Necessity and benefits of manual quality control
As mentioned above, the manual QC step can be used to deal with new objects that do not exist in WormBase. Whether or not the author declares these entities, we can identify them and incorporate them into the database within the next database release or soon thereafter. Our author first pass form also serves the dual purpose of alerting WormBase curators that the paper being processed contains a data type relevant to their curation pipeline.
In addition to identifying new entities missed by authors, we use the manual QC step to resolve ambiguous links as well as to correct linking errors incurred by author typos or XML file processing. Since we use an automated linking script that identifies entities in a paper based on a list of known entities, if an entity name is used more than once for distinct objects in the database, the script will potentially link the entity name to the wrong page; for example, the entity AB1, in the C. elegans literature, is both a clone and a strain name.

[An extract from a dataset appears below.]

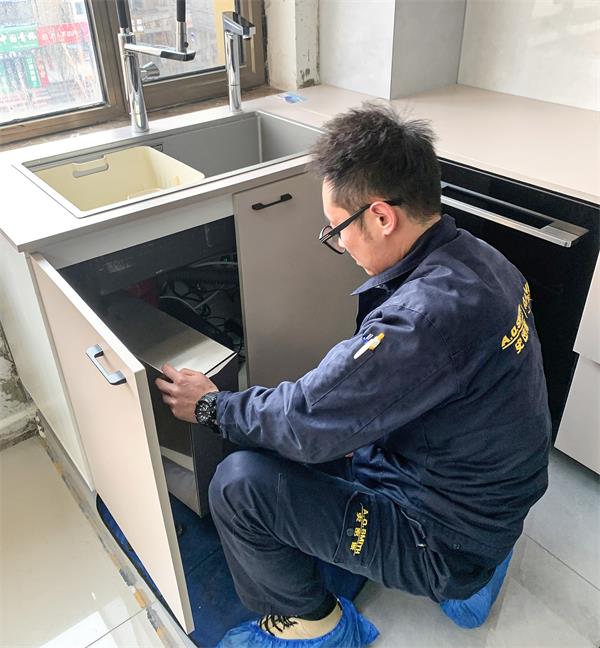 兩位獨居老人家中突發不適 這位售后師傅的舉動暖心了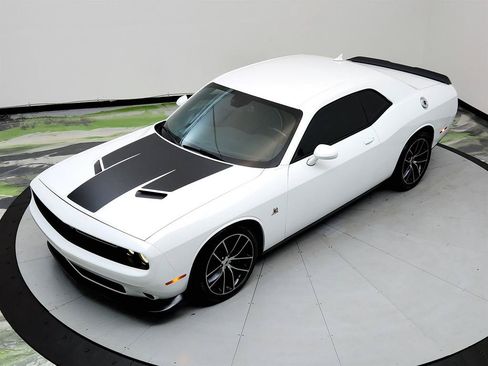 Used 2018 Dodge Challenger R/T Scat Pack RWD image 29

We have found and corrected ambiguous links in 15 papers so far via the manual QC step.
Errors from ambiguous entity names can be accurately resolved only through human oversight. For C. elegans articles, little effort is required for resolving ambiguities because the number of ambiguous entities within the C. elegans field is low; this aspect of C. elegans research is a benefit of the simple and strict nomenclature rules that were put in place at the onset of adopting C. elegans as a model organism for genetic dissection . On the other hand, ambiguities across databases may occur in C. elegans papers; for example, HID-1 is the name of a protein in C. elegans and in mouse . In this case, WormBase links to HID-1 were selectively deleted when the authors were referencing the mouse HID-1.
An unintentional advantage of this pipeline is that our manual QC step also resolves author typos and XML formatting errors that occur during the document processing step at DJS; these types of errors result in wrong links or no link, so need to be dealt with in order to have the proper links made. We discovered these types of errors in at least 17 papers. We deal with these errors by alerting DJS who then contacts the author to sort out how to fix the typo. Because we are the main portal for C. elegans research and we are trained to spot details concerning variations, genes, transgenes etc., spotting these errors and understanding what the correction should be is not generally difficult. In most cases, we can go ahead and make the correct link to the typo and leave the author to request journal services to correct the text after we are through with the linking, so there is usually no waiting time involved in these situations.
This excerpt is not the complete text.